Records from a dataset:

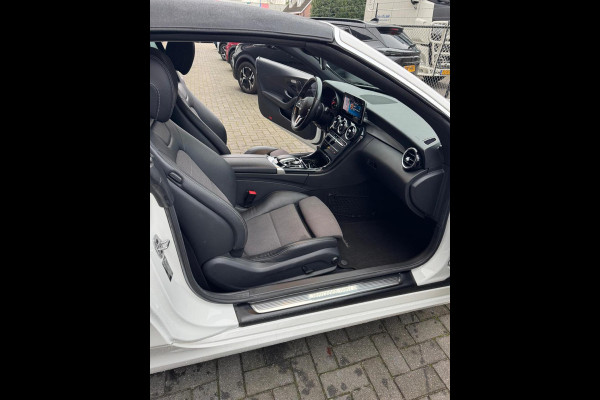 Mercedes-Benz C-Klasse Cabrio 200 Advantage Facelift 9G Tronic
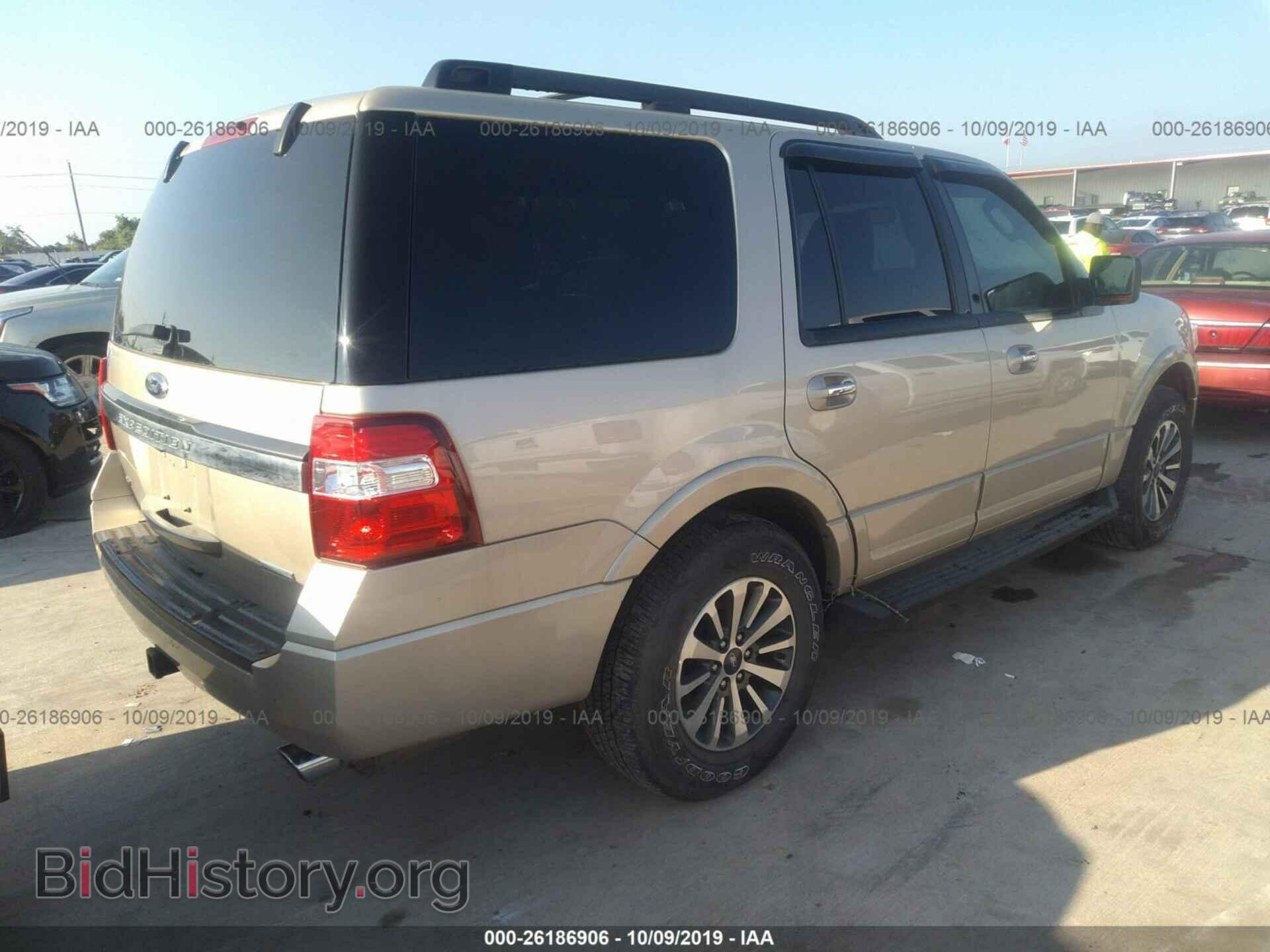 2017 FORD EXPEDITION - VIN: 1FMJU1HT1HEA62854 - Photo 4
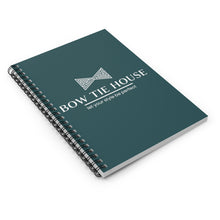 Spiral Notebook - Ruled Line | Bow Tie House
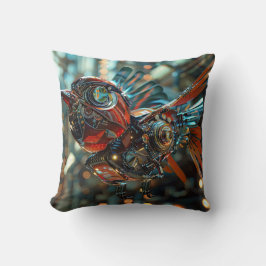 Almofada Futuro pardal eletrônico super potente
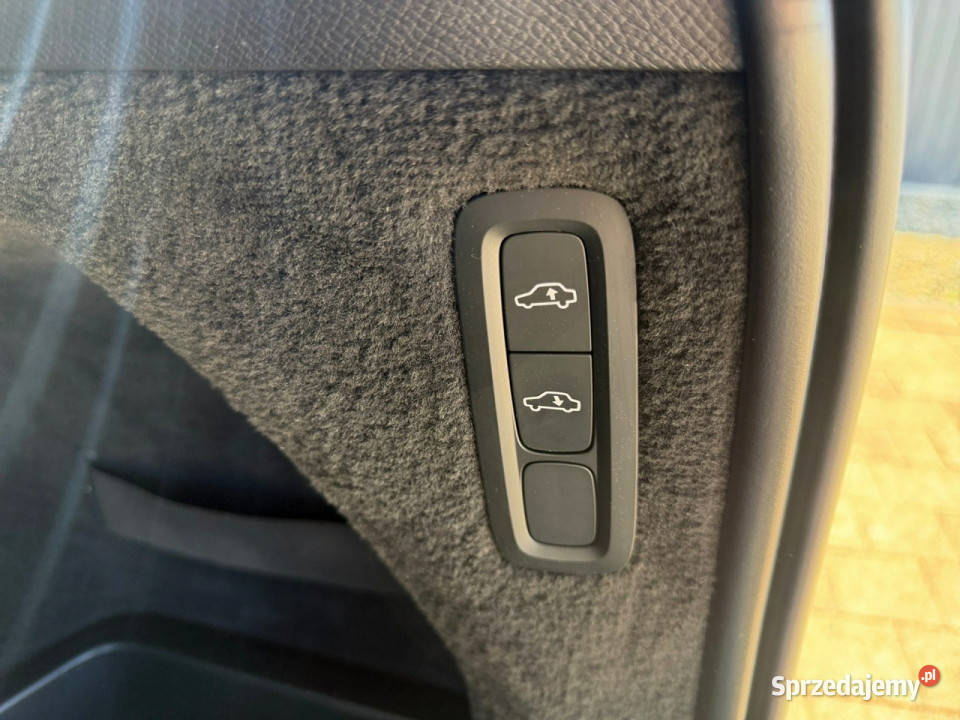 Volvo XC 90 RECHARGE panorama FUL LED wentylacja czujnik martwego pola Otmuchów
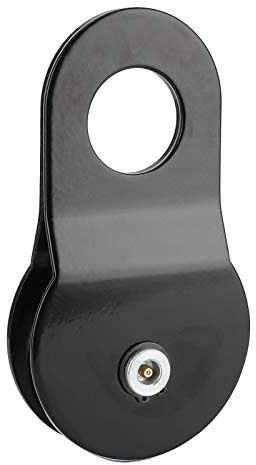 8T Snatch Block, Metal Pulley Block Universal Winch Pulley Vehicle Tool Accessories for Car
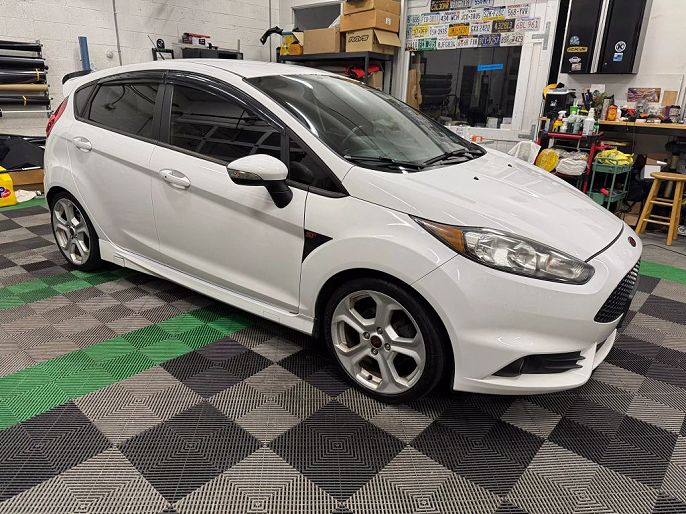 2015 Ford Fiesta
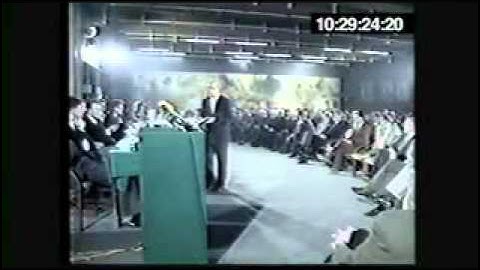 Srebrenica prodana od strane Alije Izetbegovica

Exercise aim: Please output the lines of the records above from the one with "2015 Ford Fiesta" through the last, exactly as they appear and with both ends included; skip any pictures and add nothing.

Solution to this problem:
 2015 Ford Fiesta
 Srebrenica prodana od strane Alije Izetbegovica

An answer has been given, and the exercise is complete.